Pull out the lines from the one containing "Vögele Textilfachmarkt – Annaberg-Buchholz" through the final line of the listing below and repeat them exactly. Leave the pictures behind.

——

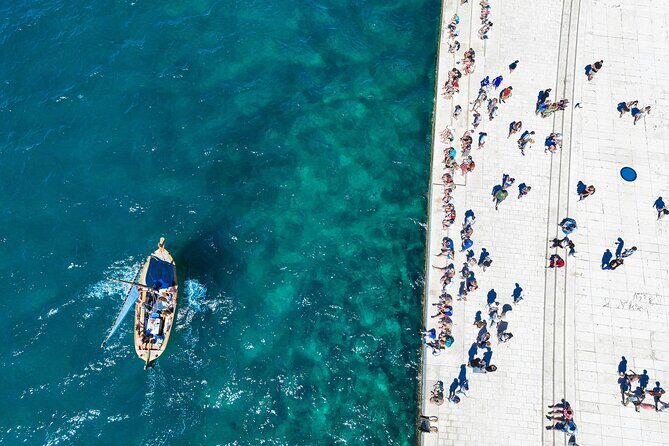 NEW! Zadar Traditional Boat Ride & Old Town Walking Tour by uur - Good To Know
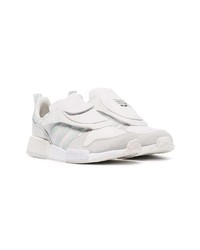 Chaussures de sport blanches adidas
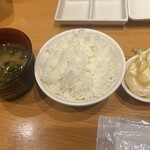 天ぷら定食まきの - 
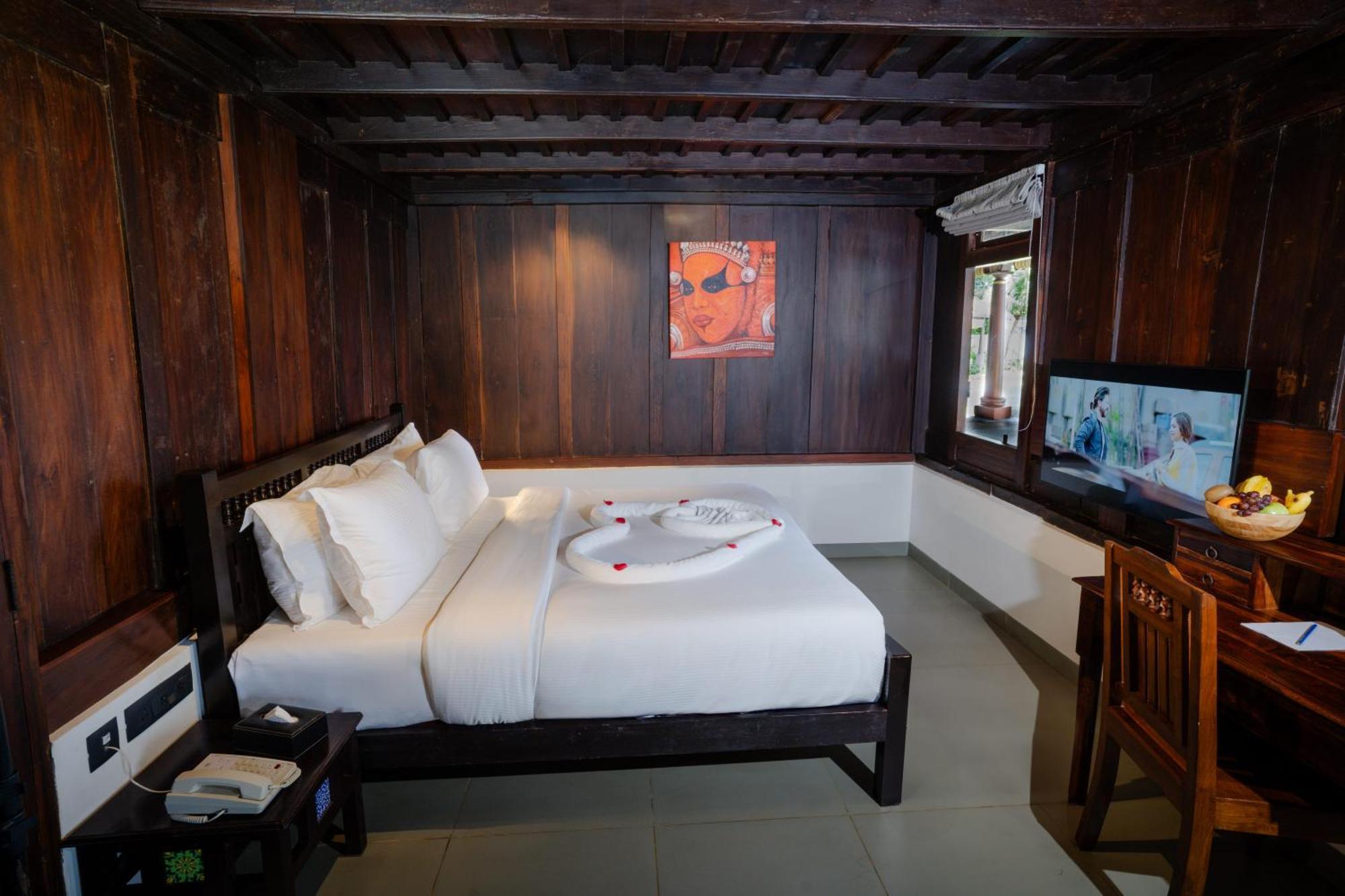 Vedic Village Retreat Kodungallur Kochi Exterior foto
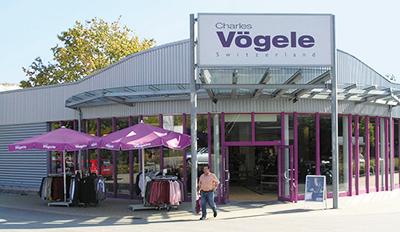 Vögele Textilfachmarkt – Annaberg-Buchholz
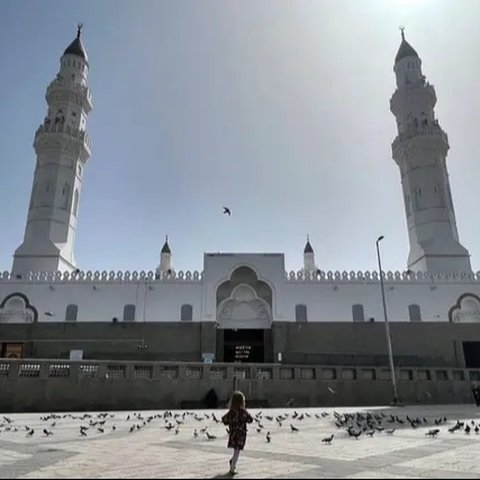 Ustadz Adi Hidayat alias UAH. (YouTube Adi Hidayat Official)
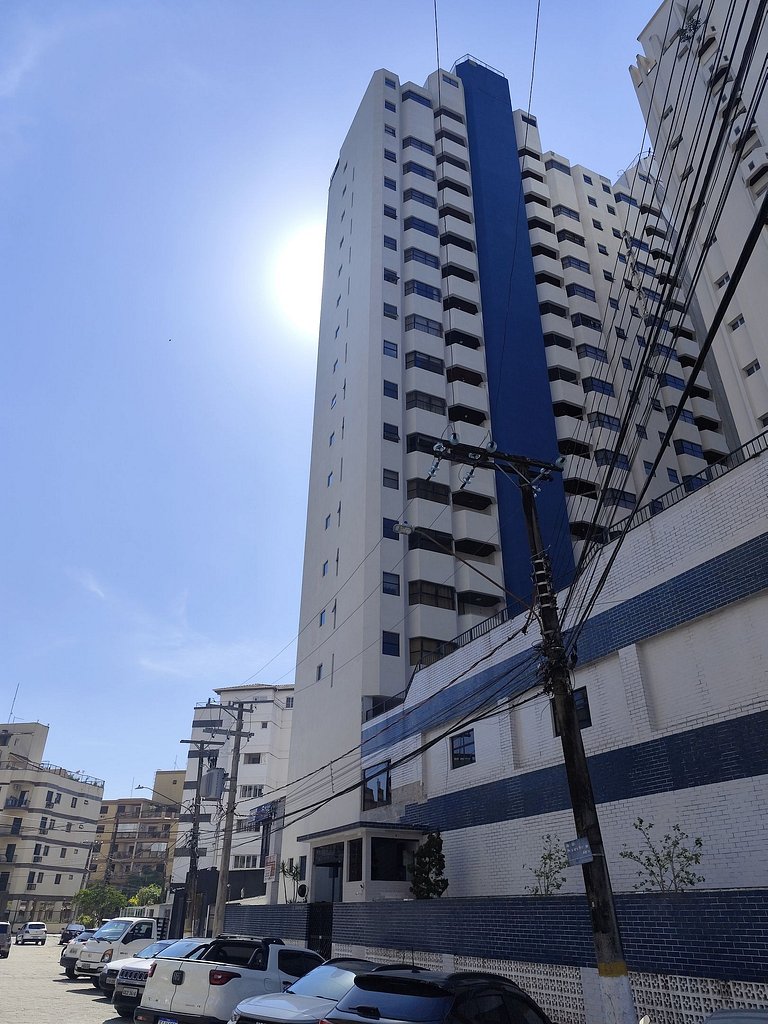 Apartamento próximo a Praia das Astúrias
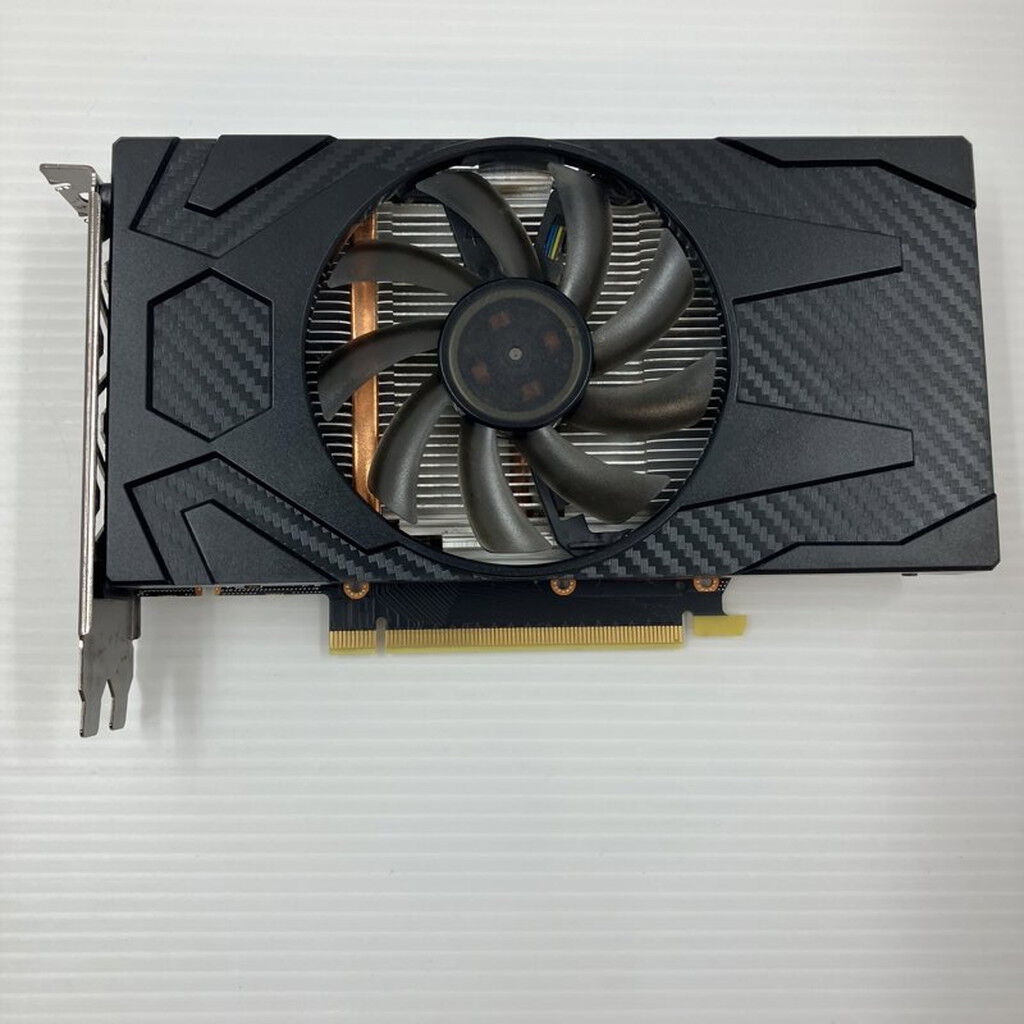 中古 玄人志向 GG-RTX3050-E8GB/SF (RTX3050 8GB) 148966 （324658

——

_Task solution_.
 Vögele Textilfachmarkt – Annaberg-Buchholz
 Ustadz Adi Hidayat alias UAH. (YouTube Adi Hidayat Official)
 Apartamento próximo a Praia das Astúrias
 中古 玄人志向 GG-RTX3050-E8GB/SF (RTX3050 8GB) 148966 （324658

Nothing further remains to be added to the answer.